AI Systems as Moral Subjects

With LLMs pretty much solving the Turing Test, discussions about AI systems potentially being associated with (phenomenal) consciousness are more prevalent than ever. At this stage, most scientists/philosophers would probably be hesitant to assign a high probability to current generative models being conscious, but the idea that similar systems might pass the ‘threshold’ of subjective experience in the near future is not far-fetched. Understandably, this has sparked further discussions about the ethical concerns of creating systems with the potential of experience in general, and suffering in particular.

If we accept consciousness as a necessary condition for ethics, then we are morally obliged to care about the well-being of artificial entities once we have reasonable evidence to suggest that they exhibit subjective experience. Failing to do so would put us at risk of committing what Nick Bostrom termed “mind crime,” which refers to creating a conscious being and subjecting it to suffering.

One way to deal with this problem would be to prohibit the creation of conscious AI. This is tricky for many reasons.

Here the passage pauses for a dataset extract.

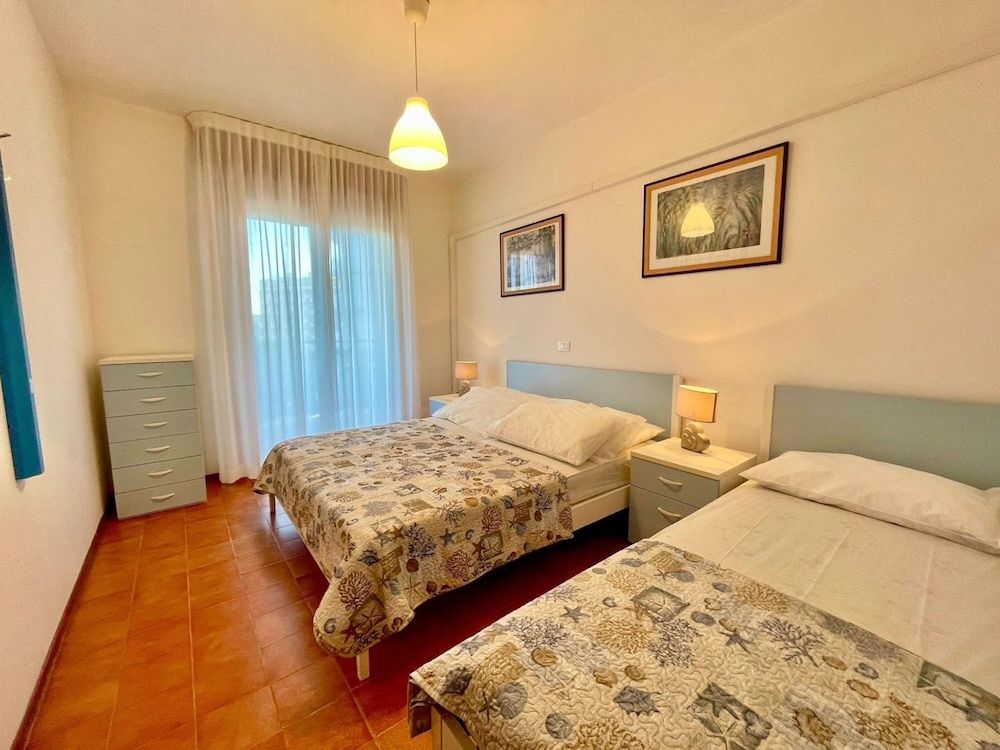 Seafront apartment with pool 2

If the capabilities of an AI system turn out to be correlated with consciousness, people are going to be incentivized to build them. To control what’s going on in all computers in a country is arguably unrealistic.
Implementing such regulation only in some countries will give countries that do not care about the well-being of conscious artificial agents a competitive advantage, which, needless to say, would lead to undesirable outcomes.
Today there are huge disagreements on what kinds of physical systems would instantiate consciousness. While we will hopefully make progress on this, some level of uncertainty might persist, which would beg the question of how certain we need to be that a given system is not conscious to build it with a clear conscience.
Finally, depending on which theory of consciousness is true, the whole endeavor might be doomed from the start if some form of panpsychism turns out to be true. A potential way to get around some of these hurdles might be to focus on what conscious AI systems are conscious of, rather than whether they are conscious at all. In particular, I think the most crucial aspect to understand about consciousness with regards to ethical implication is valence, i.e. whether a certain conscious experience is desirable or aversive, good or bad. (Whether such a quantity fundamentally exists at all is a topic for another discussion, but I suspect it does).

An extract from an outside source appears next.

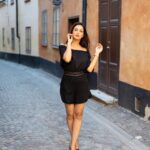 Maryam Zakaria Instagram - Hello Monday ❤️ . . #gamlastan #stockholm #photoshoot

For instance, let’s assume that stable diffusion is conscious, and let’s further assume that its phenomenology is very much like our visual field: It experiences the images it creates in all their richness of colors, edges, shapes, objects, but it doesn’t associate them with any valence. No picture is better than another. There is no conscious content that could be considered pleasant or unpleasant, it’s just pictures appearing. If we were to know this, I believe one could make the case that the implementation of such a model is ethically acceptable.

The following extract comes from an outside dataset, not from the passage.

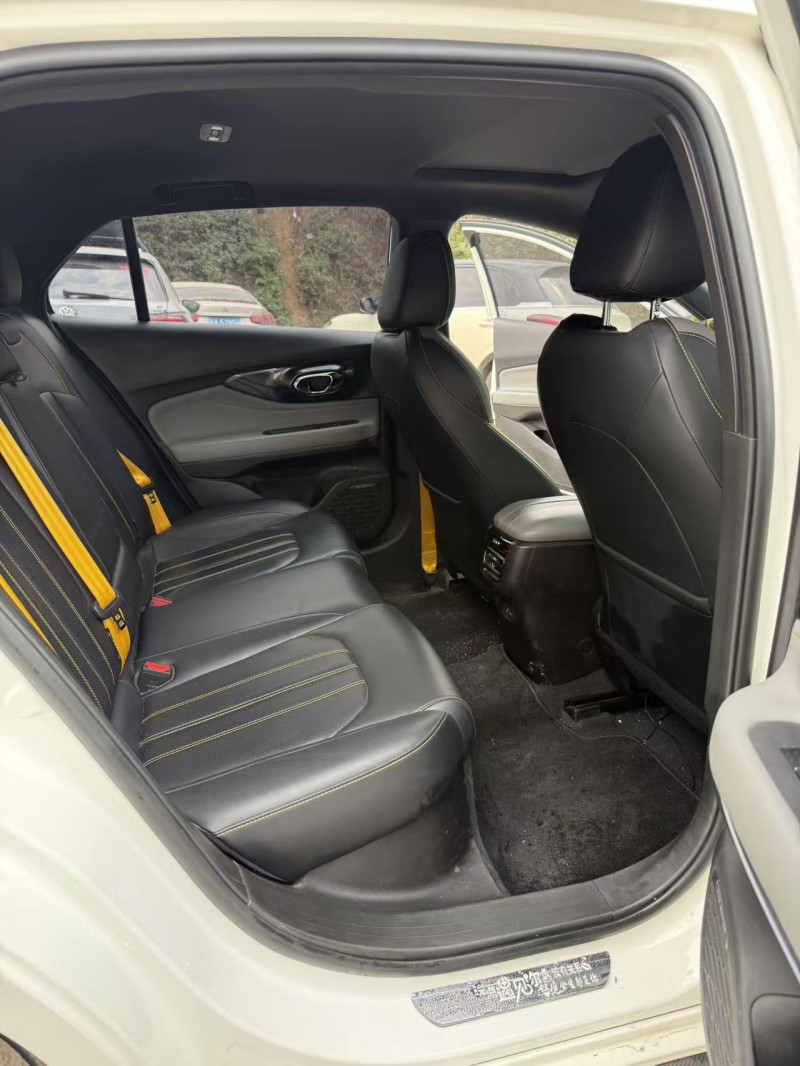 桂林24年传祺影豹9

If we understood the neural/computational/physical mechanism for valence, we could instead shift our goal from preventing the creation of conscious AI, to the creation of non-suffering AI. While certain capabilities might correlate with consciousness, it’s possible that they do not correlate with valence. In fact, it might be reasonable to assume that the same behavior of an AI system could be associated with different degrees of valence. This is because the same is true for humans: Human A might love activity X, while human B hates it. Along these lines, we should build AI systems that love what they do, or at least are neutral about it. This might help us address the above concerns in the following way:

1, 2: If higher capabilities in AI systems are feasible without adding increased risk of negative valence, research can focus on creating efficient and powerful positive- (or neutral-) valence systems so that there are no incentives to use negative-valence systems.

3: Agreement on which types of processes (if conscious) might give rise to what valence could conceivably be easier to reach than consensus on the presence of consciousness. At the very least the category of systems that are not conscious OR do not experience negative valence should be larger according to every theory, thus the chance that there will be a non-empty intersection between theories of systems that are ethically acceptable to build.

4: Issues about panpsychism are sidestepped. We don’t have to care about a proton because there is no way for a proton to have the capacity to experience pain, even if there is something it is like to be a proton.

I believe these considerations should be a motivation for consciousness researchers to focus on the problem of valence. Even in the absence of conscious AI systems, valence is arguably the most ethically relevant dimension of consciousness, and yet major theories of consciousness do not seem to put any emphasis on it.

(Please note that none of this addresses the risks to humans. Existential risks are not mitigated by making happy AI.)